▶ _Task goal_
Return all of the data below verbatim and exclude every picture.

▶ _Input_

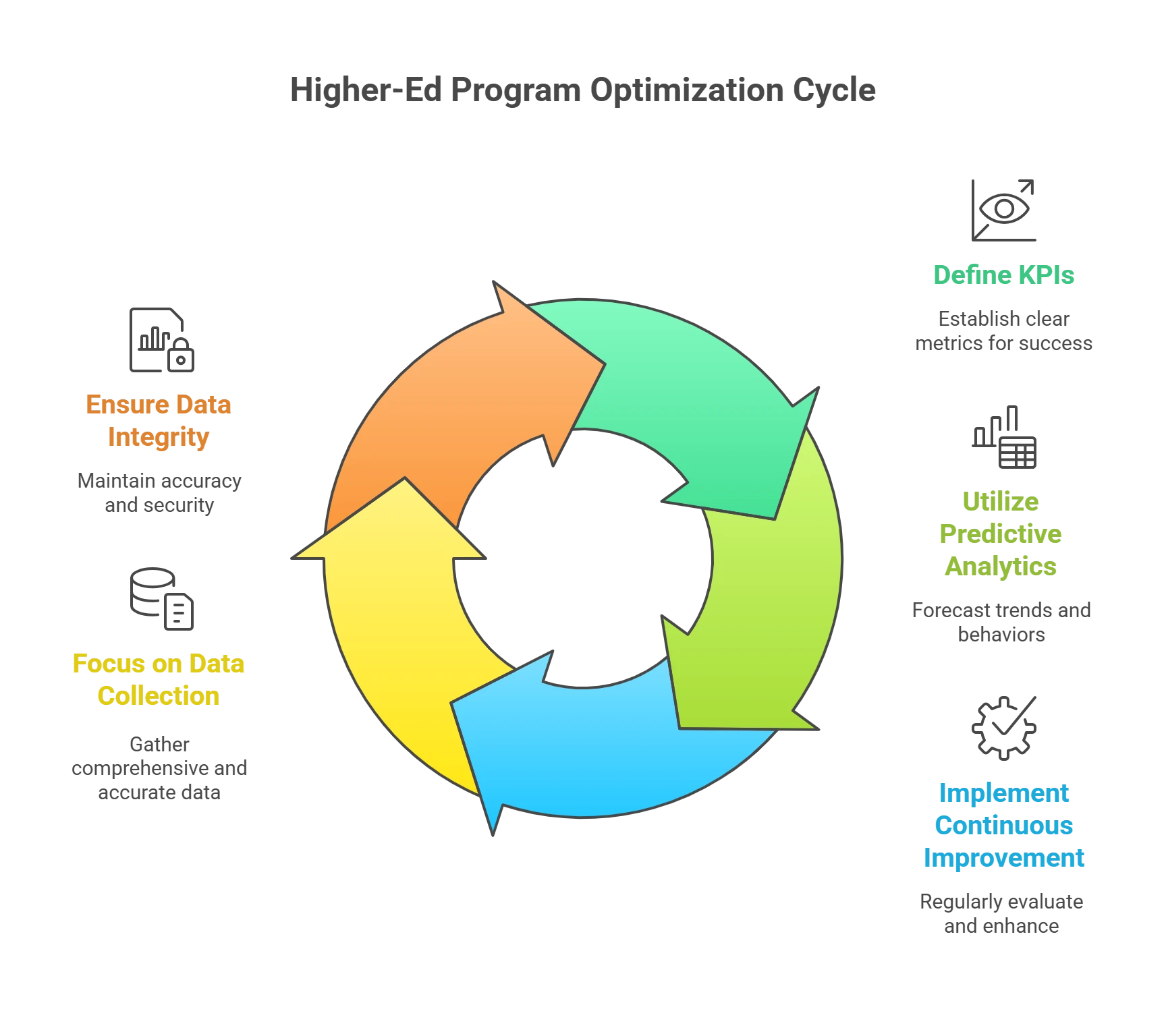 Strategies for Higher-Ed Program Optimization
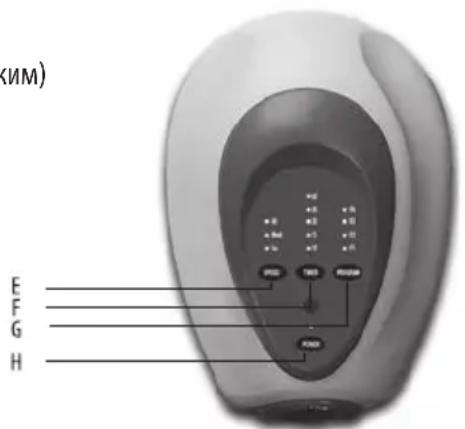 LANAFORM Hydro Care - Монтаж и установка - 1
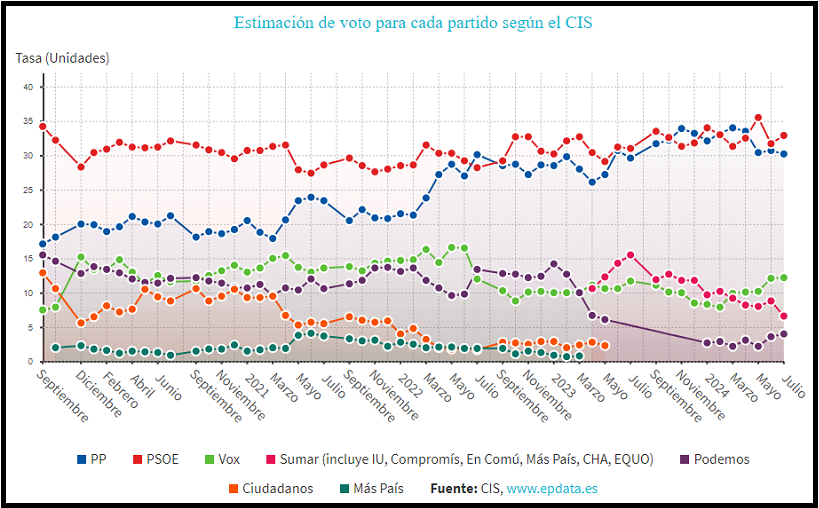 Evolucion voto CIS 2024.png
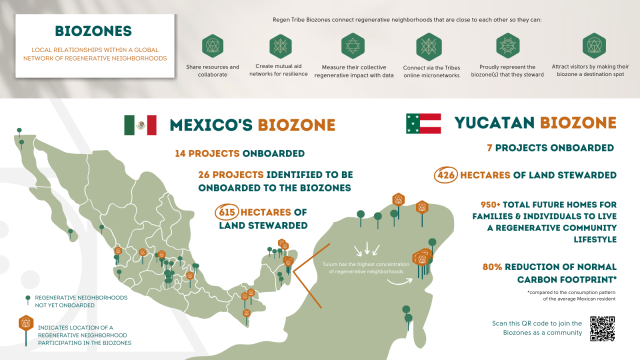 Biozone_MX_Yucatan (1)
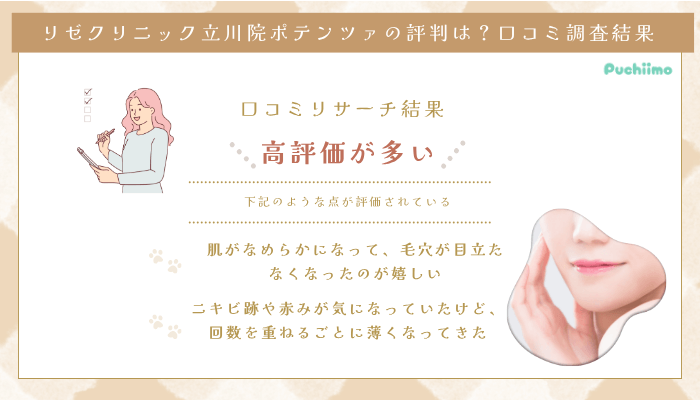 リゼクリニック立川ポテンツァ口コミ評判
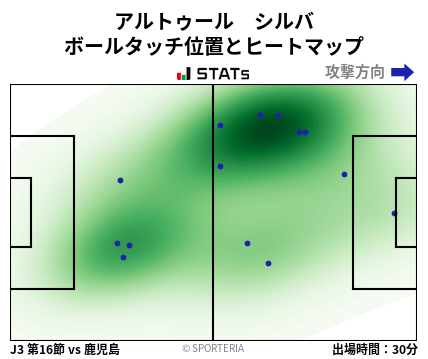 ヒートマップ - アルトゥール　シルバ
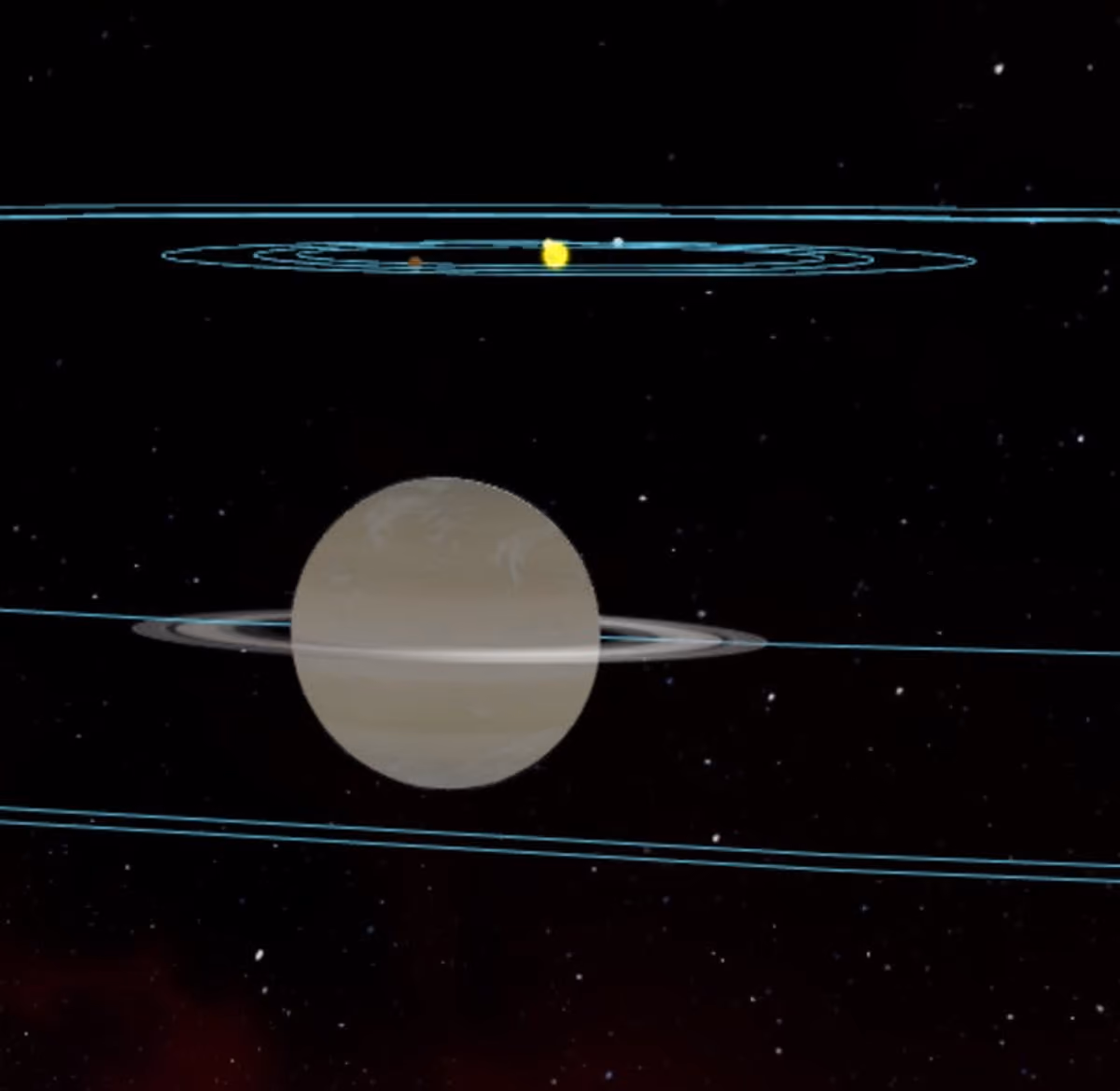 Planets
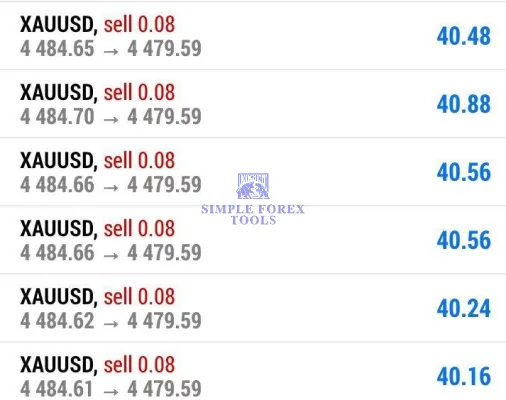 Alpha Trade Signal Pro MT5 Result 5-5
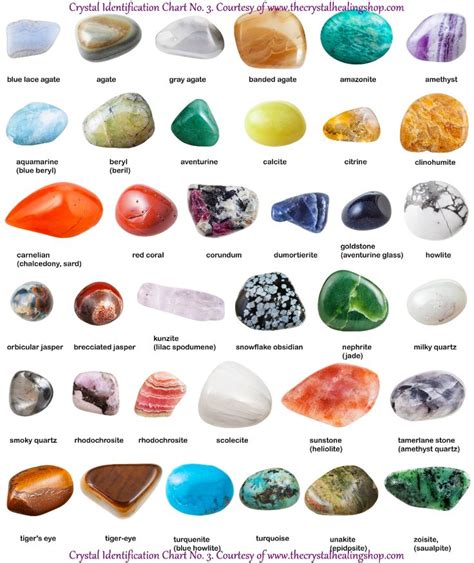 The Art of Crystal Identification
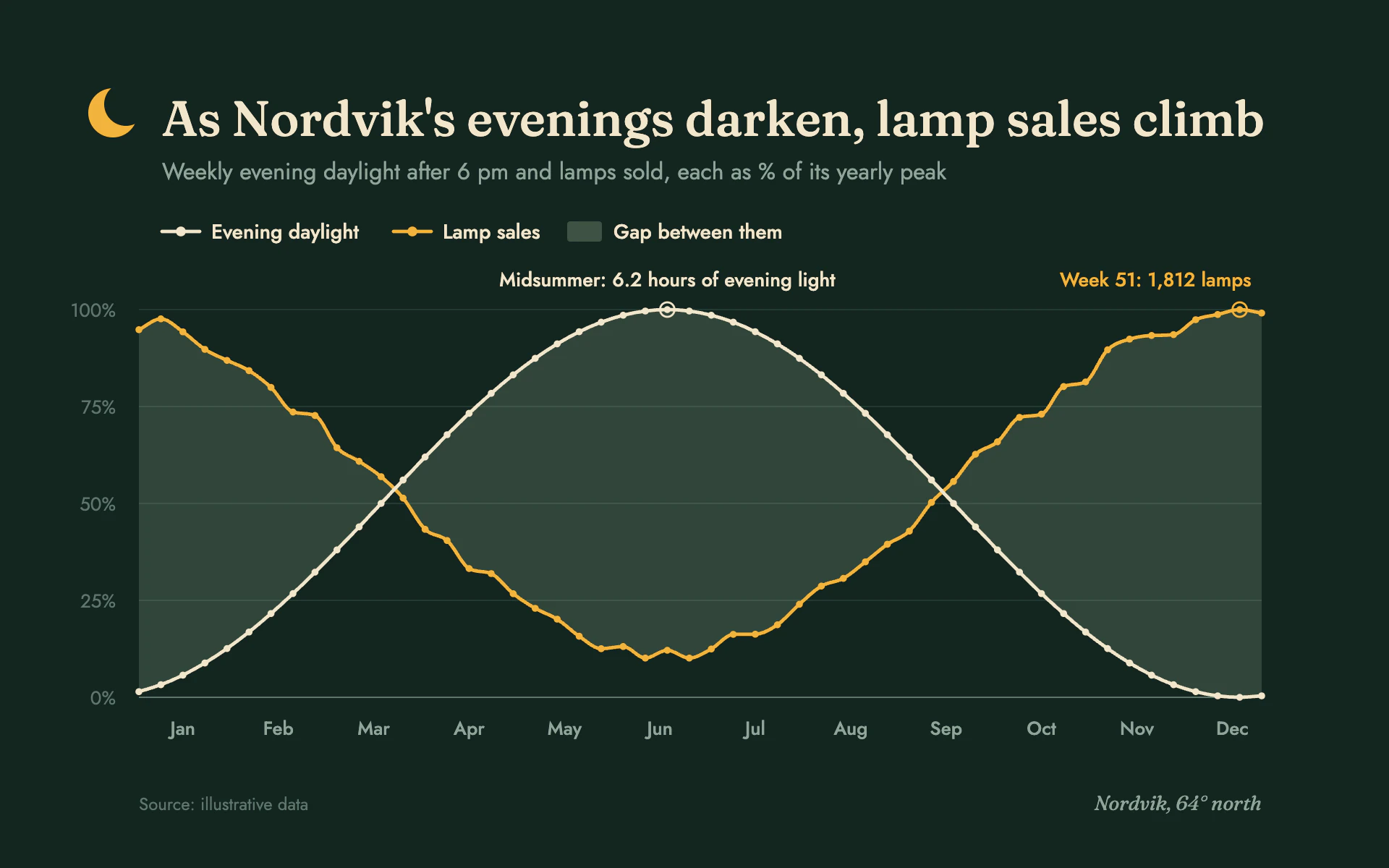 Long Evening line chart, dark theme: Pine green night with cream and candle lines, a sage wash between and a crescent moon.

▶ _Problem solution_
 Strategies for Higher-Ed Program Optimization
 LANAFORM Hydro Care - Монтаж и установка - 1
 Evolucion voto CIS 2024.png
 Biozone_MX_Yucatan (1)
 リゼクリニック立川ポテンツァ口コミ評判
 ヒートマップ - アルトゥール　シルバ
 Planets
 Alpha Trade Signal Pro MT5 Result 5-5
 The Art of Crystal Identification
 Long Evening line chart, dark theme: Pine green night with cream and candle lines, a sage wash between and a crescent moon.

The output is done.